An alternative to principal–agent theory is team theory. Like principal–agent theory, team theory has its origins in economics (Marschak and Radner 1972). Specifically, team theory was advanced as a model of decision-making in organizations. The basic logic of the team model is that different members of a team (an organization) possess different information relevant to the achievement of the team’s goals and, further, that different team members control different decisions of the organization. In short, both information and decision-making authority are decentralized. “But all team-theoretic models share one key feature: they ignore the interests of the team members—there is no shirking, free-riding, lying, lobbying or strategizing of any kind” (Gibbons 2003, 761). The interests of team members can be ignored because they are assumed to be identical (i.e., each member of the team desires the same thing—namely, the success of the organization). To illustrate the team theory framework, consider a firm with a central production manager and a set of unit managers. The central production manager controls the allocation of resources among the units, deciding, for example, how much manpower is allocated to each unit. Each unit manager, however, makes decisions regarding how the manpower allocated to his unit will be deployed. Further, each unit manager has specialized knowledge about his own particular unit and what is necessary for it to function best. That is, both decision-making authority (except for the resource allocation made by the central manager) and information are spread throughout the organization. All of the managers— including the central production manager—want the company to maximize profits across all units since performance bonuses at the firm are determined by overall company performance. That is, each manager gets the same share of the available bonus money and the available bonus money is a straightforward function of the company’s total profits. In effect, all of the managers have an incentive to share information and take cues from one another to enhance the likelihood of each unit manager making the decisions for his unit that will reap the biggest profit for the company (and, hence, the biggest bonuses for the managers).

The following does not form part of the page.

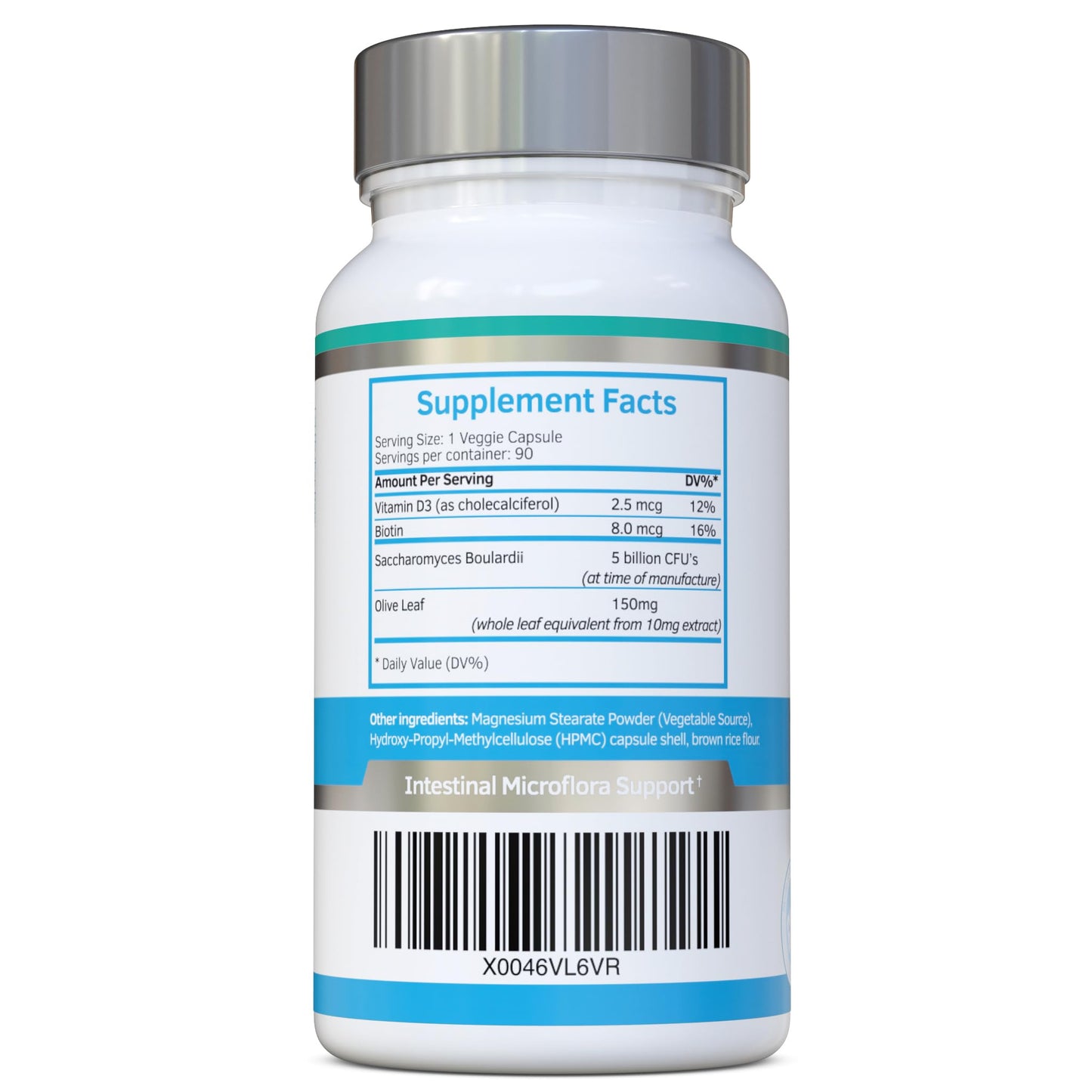 Swiss BioEnergetics Saccharomyces boulardii 5 Billion CFU Capsules, 90 Count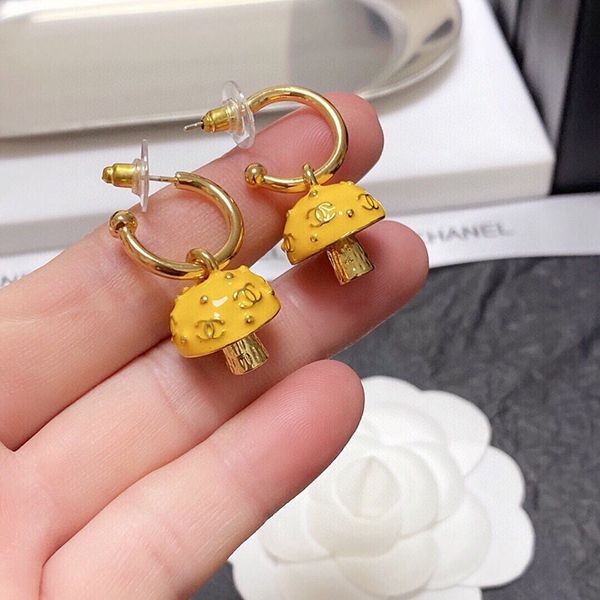 New color ☆ Rare Chanel mushroom earrings replica shp33573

Various scholars—primarily, but not exclusively, legal scholars situated in law schools—imported team theory to describe and explain lower court compliance (Cross 2005; Kornhauser 1995; Staudt 2004). The basic assumption of the team model—the assumption of a shared organizational goal—is useful for thinking about the fidelity of lower courts to higher court rulings because it implies that adherence to precedent is simply a matter of enhancing the likelihood of correctly deciding a case. Judges at higher levels of the judicial hierarchy presumably have greater levels of expertise to select good vehicles for articulating guiding precedents and, given the luxury of discretionary dockets, more time and judicial energy to craft such precedents (Kornhauser 1995; Westerland et al.